> TASK REQUIREMENTS:
Without the pictures, can you quote each line below exactly?

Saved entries
-*-
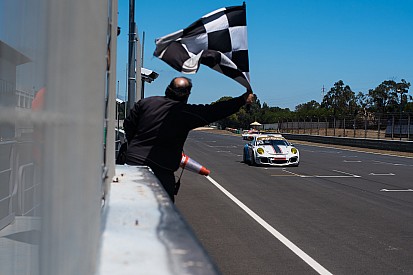 Porsche: Enzo Elias segura Felipe Baptista e vence pela 3.8 em Estoril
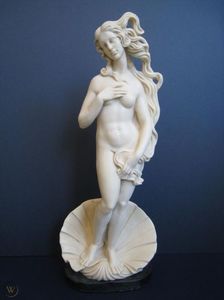 Selena Gomez received a mini Birth Of Venus statue from Aron Piper.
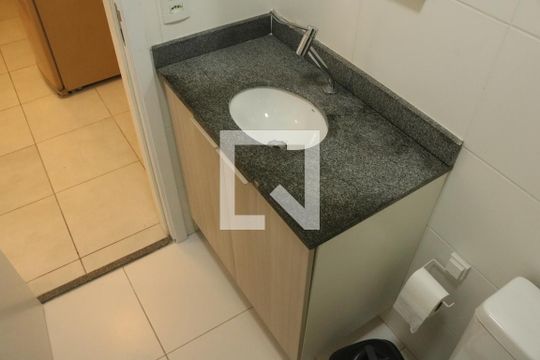 Banheiro Social de apartamento à venda com 2 quartos, 57m² em Lapa de Baixo, São Paulo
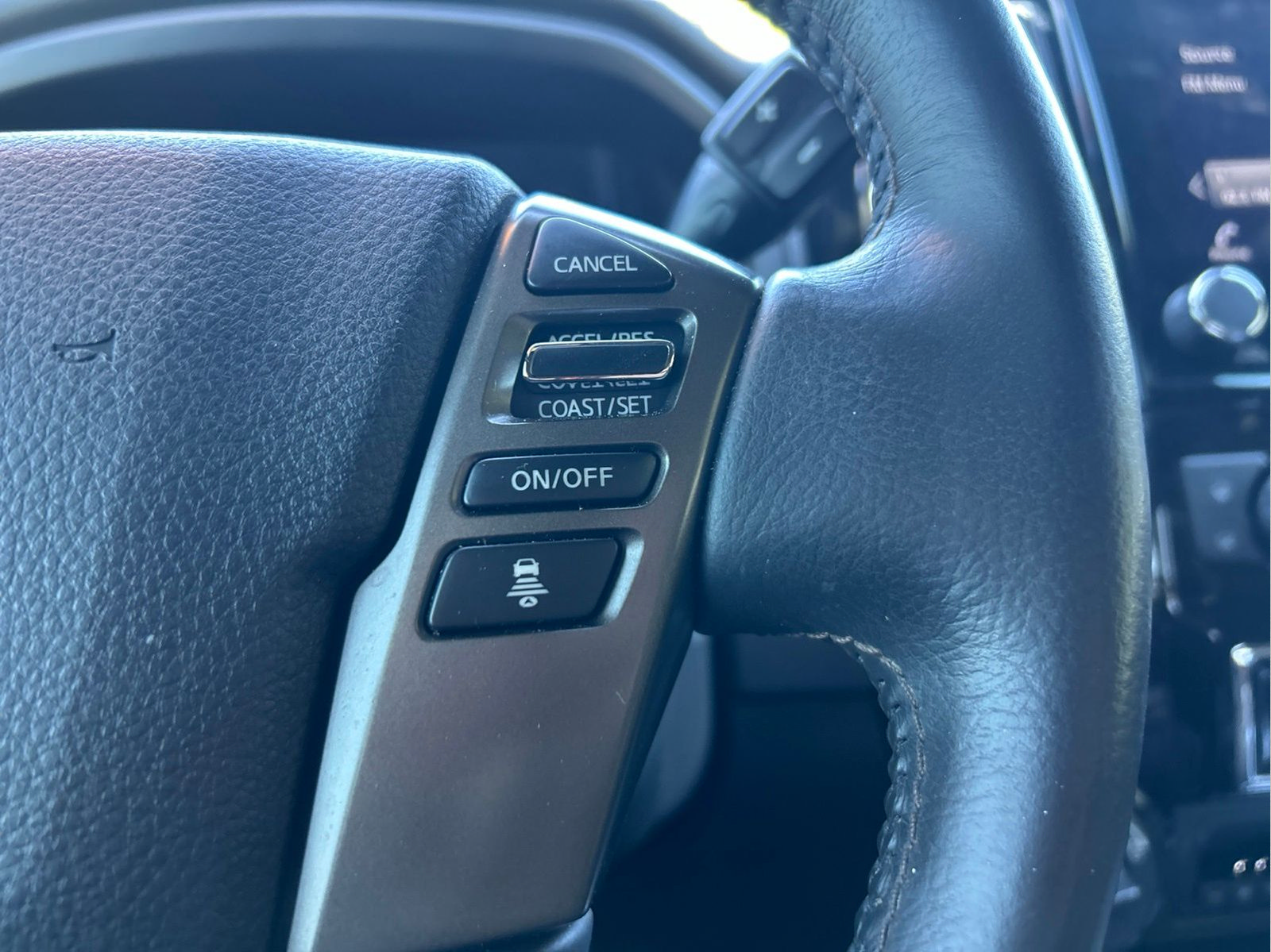 Used 2023 Nissan Titan Platinum Reserve w/ Moonroof Package AWD/4WD image 15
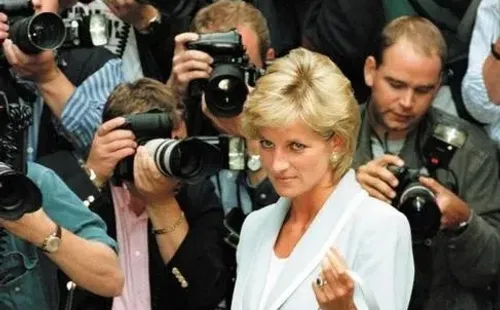Diana siempre fue acosada por los medios. Foto: (Getty)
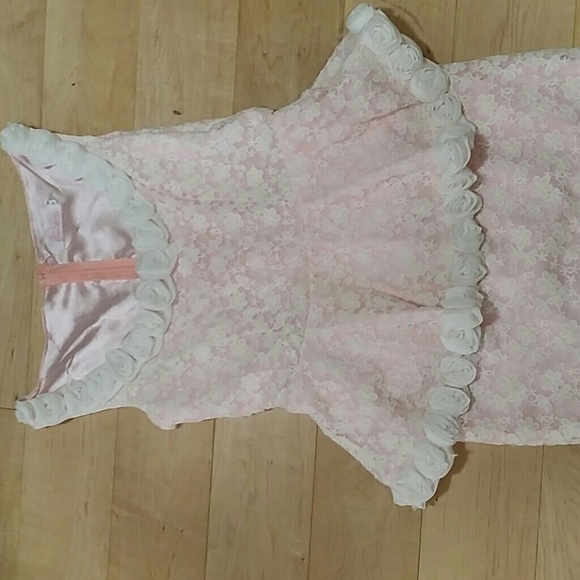 Dress - Picture 2 of 4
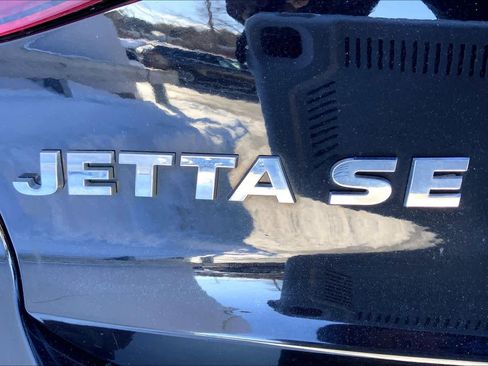 Used 2018 Volkswagen Jetta SE image 10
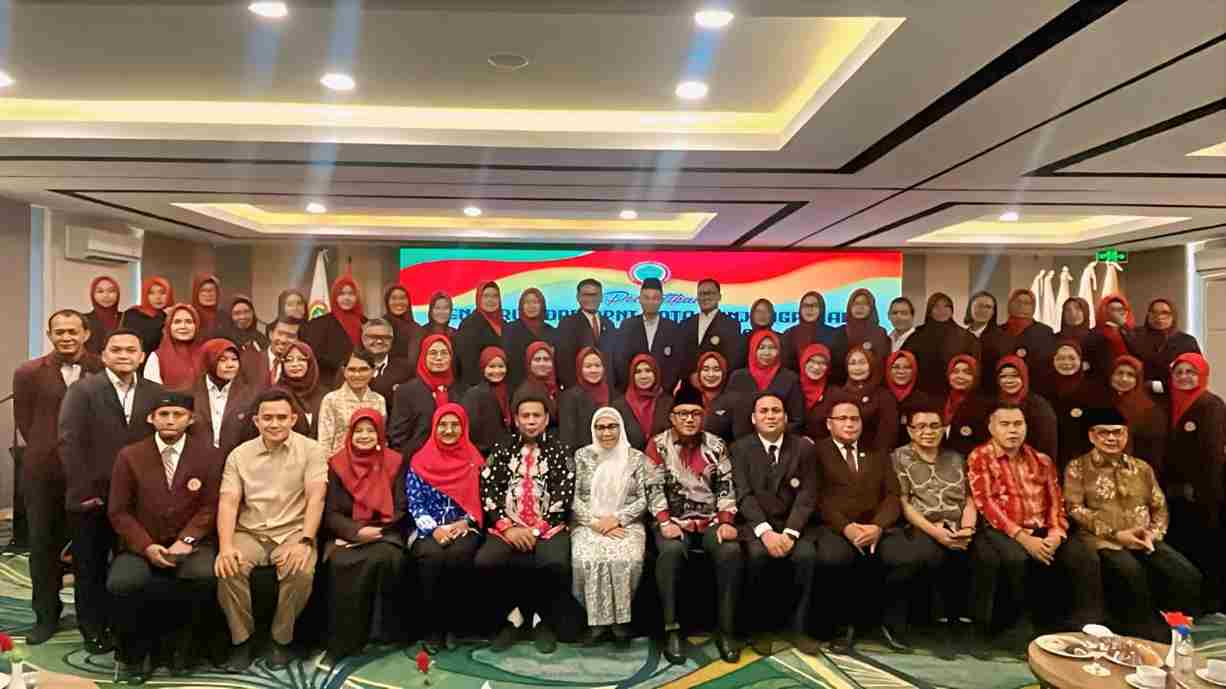 Wali Kota Tanjungpinang, Lis Darmansyah saat menghadiri pelantikan pengurus Dewan Pimpinan Daerah (DPD) Persatuan Perawat Nasional Indonesia (PPNI) Kota Tanjungpinang periode 2025–2030, di GAIA Ballroom Nite & Day Hotel Tanjungpinang, Sabtu (13/9/2025)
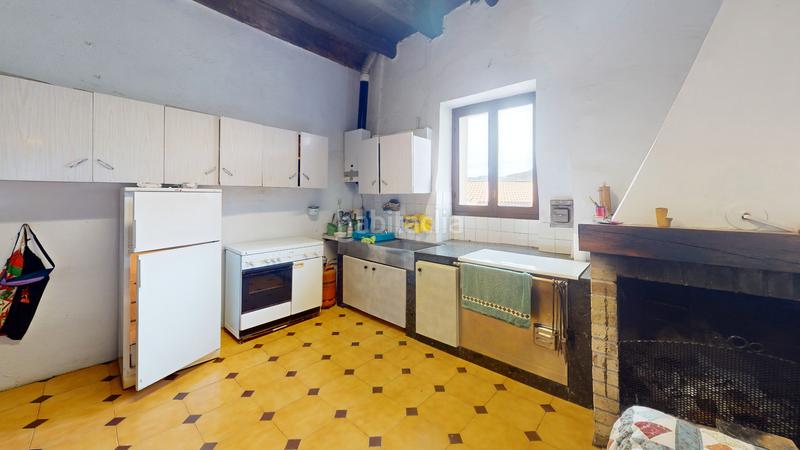 Foto a850033a-0cdd-493f-97a6-dec849a5b2f3. Dúplex en bedaio auzoa auzoa 18e piso dúplex en caserio con amplios terrenos ideal para ganado en Tolosa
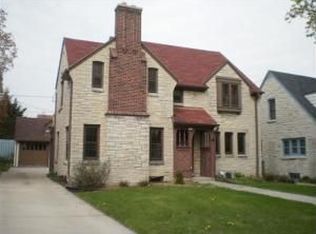 2347 Lefeber Ave, Wauwatosa, WI 53213
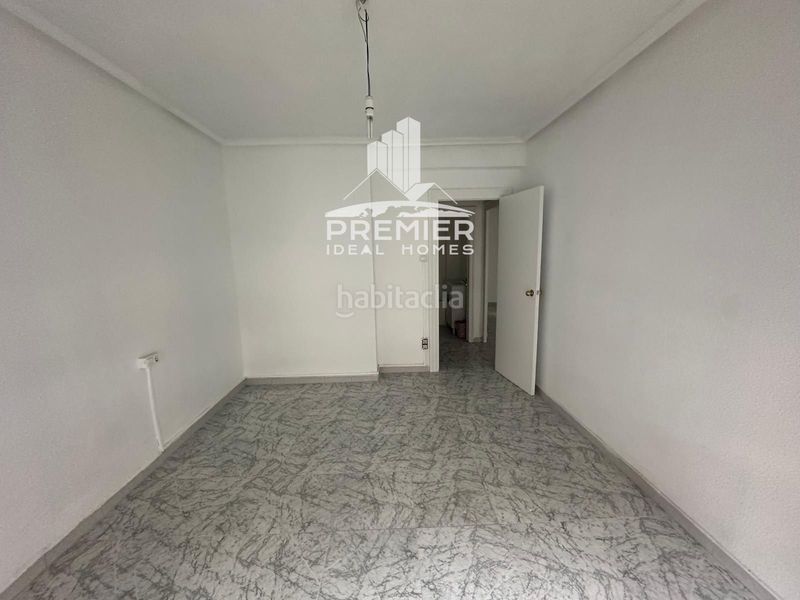 Foto 49c47bef-693d-4677-bce4-5e1fe883d111. Rent flat in Las Trescientas-San Francisco-Ciudad Vergel Elda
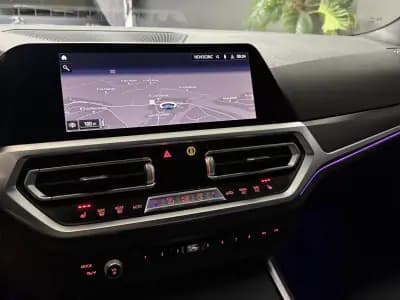 Vendo BMW 330e 2021 - 32490 EUR, 152987 km - AUTO.MOTO.pt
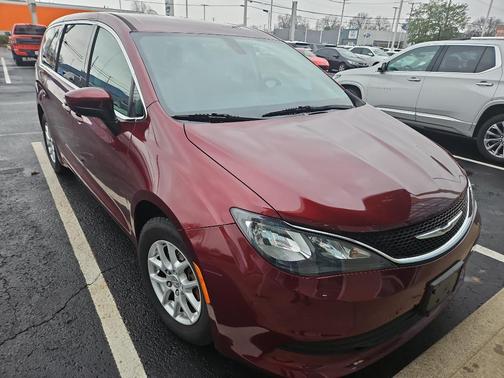 2017 Chrysler Pacifica Touring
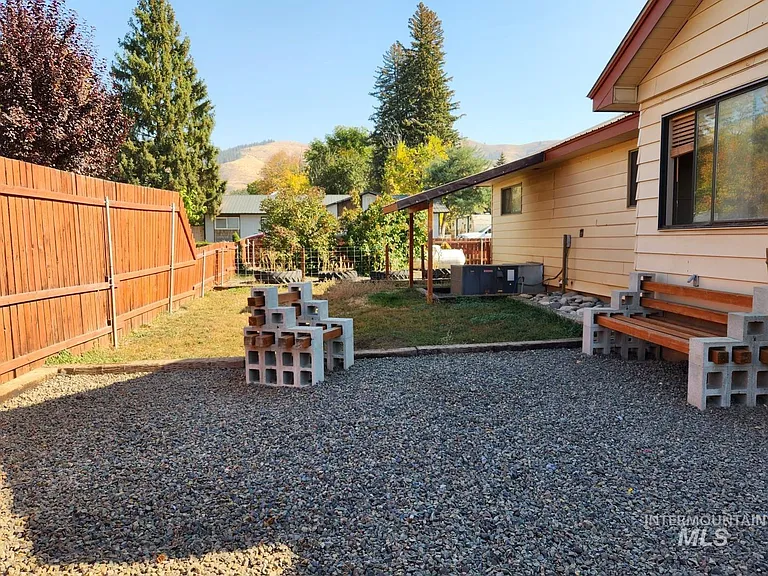 106 E Whiteley Ave — Photo 6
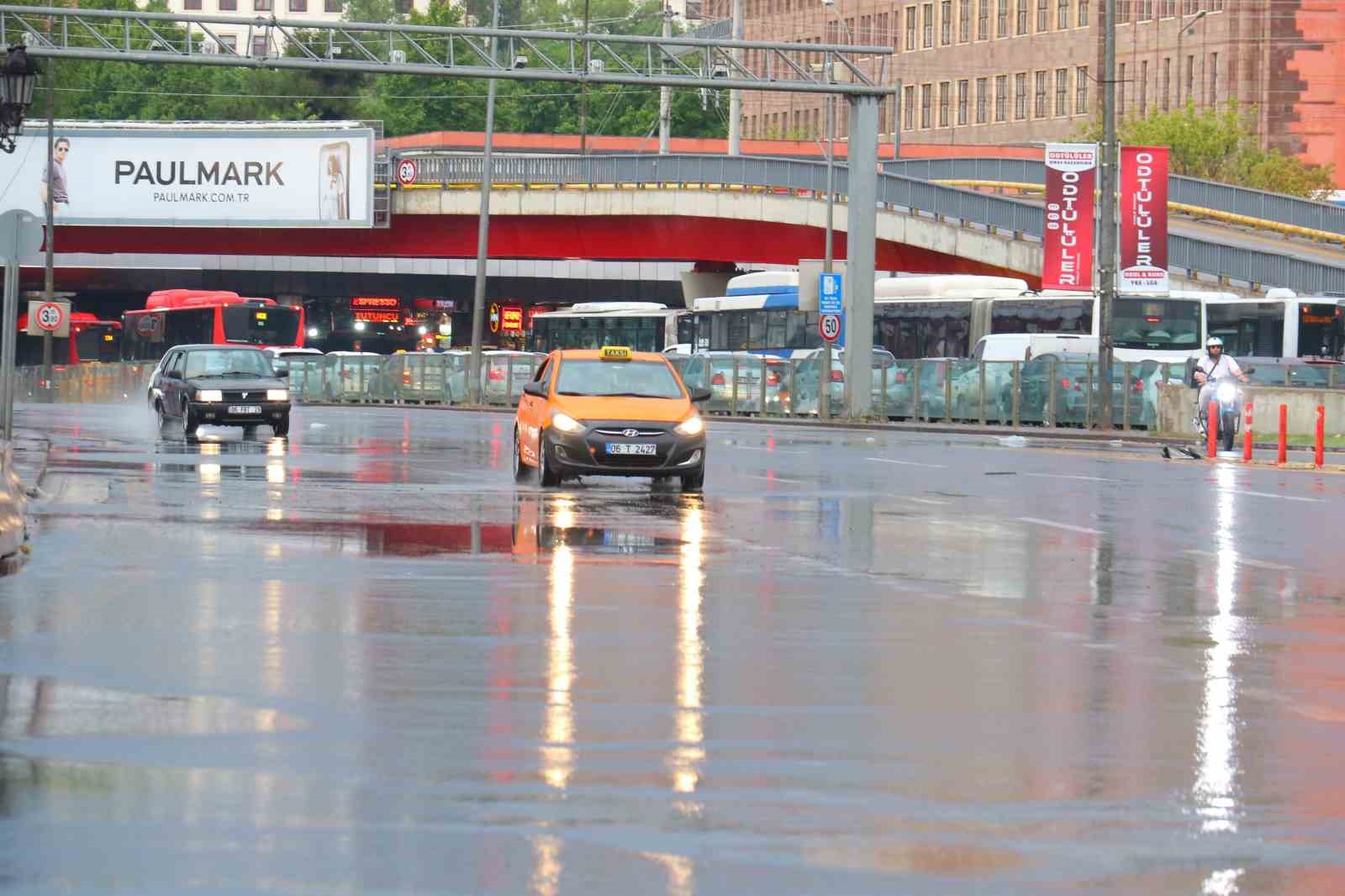 Ankara’da sağanak yağışlar sele neden oldu 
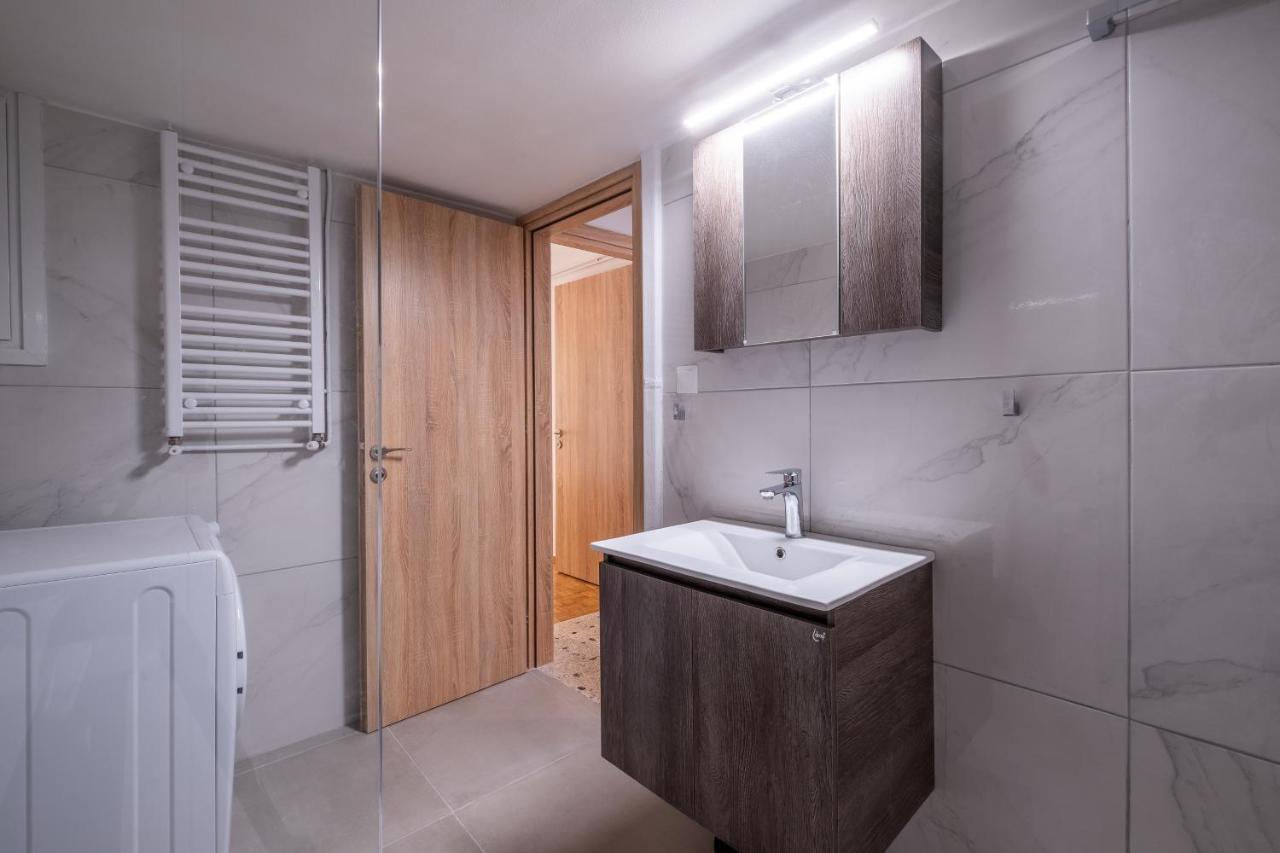 Sokos Residence, 1' Walk From Aghios Ioannis Metro アテネ エクステリア 写真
-*-
> OUTPUT OF THE EXERCISE:
 Porsche: Enzo Elias segura Felipe Baptista e vence pela 3.8 em Estoril
 Selena Gomez received a mini Birth Of Venus statue from Aron Piper.
 Banheiro Social de apartamento à venda com 2 quartos, 57m² em Lapa de Baixo, São Paulo
 Used 2023 Nissan Titan Platinum Reserve w/ Moonroof Package AWD/4WD image 15
Diana siempre fue acosada por los medios. Foto: (Getty)
 Dress - Picture 2 of 4
 Used 2018 Volkswagen Jetta SE image 10
 Wali Kota Tanjungpinang, Lis Darmansyah saat menghadiri pelantikan pengurus Dewan Pimpinan Daerah (DPD) Persatuan Perawat Nasional Indonesia (PPNI) Kota Tanjungpinang periode 2025–2030, di GAIA Ballroom Nite & Day Hotel Tanjungpinang, Sabtu (13/9/2025)
 Foto a850033a-0cdd-493f-97a6-dec849a5b2f3. Dúplex en bedaio auzoa auzoa 18e piso dúplex en caserio con amplios terrenos ideal para ganado en Tolosa
 2347 Lefeber Ave, Wauwatosa, WI 53213
 Foto 49c47bef-693d-4677-bce4-5e1fe883d111. Rent flat in Las Trescientas-San Francisco-Ciudad Vergel Elda
 Vendo BMW 330e 2021 - 32490 EUR, 152987 km - AUTO.MOTO.pt
 2017 Chrysler Pacifica Touring
 106 E Whiteley Ave — Photo 6
 Ankara’da sağanak yağışlar sele neden oldu 
 Sokos Residence, 1' Walk From Aghios Ioannis Metro アテネ エクステリア 写真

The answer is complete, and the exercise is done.